痛みを覚悟した僕の体に衝撃が襲うことはなく、かわりに柔らかい温もりと香りに包まれた。


この香りは……。


ゆっくりと目を開けると、驚愕に目を見開いた二人の生徒がいた。


「響様!!!」


「君達、確か久遠の親衛隊だよね……。ここで何してるのかな?」


「えっと、あの……」


予想にしない突然の人の登場で、二人のさっきまでの強気な態度は影をひそめていた。
さっきまでの余裕な表情は一転して顔面蒼白となり、不自然なほどに体がカタカタと震えていた。
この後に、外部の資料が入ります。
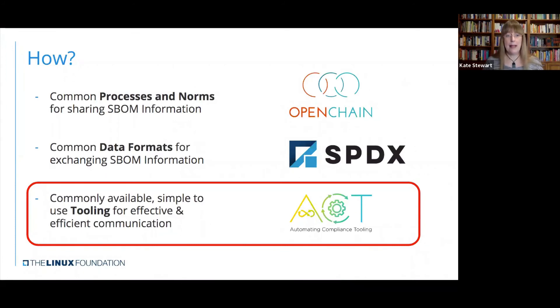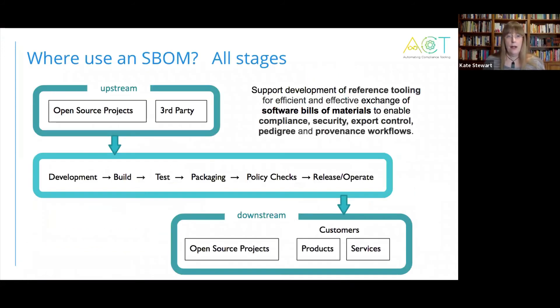And the last piece is: how do we get that common tooling available and ready to use? In the last year we've just started ACT — Automated Compliance Tooling — and that's letting us look at all stages. We need to have reference tooling to work with all these different stages for effective exchange, and we want to be able to support various use cases like compliance, security, export control, pedigree, and provenance workflows. That's the information we need to carry forward and track through this ecosystem.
「もし、陽向に何かしたら僕だけじゃなく、生徒会を敵に回すと思ってね」


見上げた響の表情は、別名王子様と呼ばれるさわやかな笑みとは程遠い、薄暗い頬笑みを浮かべ冷たい瞳で二人を睨んでいた。


響……?


響の普段とは違う冷たい表情に、思わず息を飲んだ。
二人は、上下に何度も首を振ると、その場を逃げるように立ち去った。


響は二人に目をくれることなく、僕をその目に映した。


その目には、さっきまでの冷たい光は影を潜め、いつもの穏やかな色を見せていた。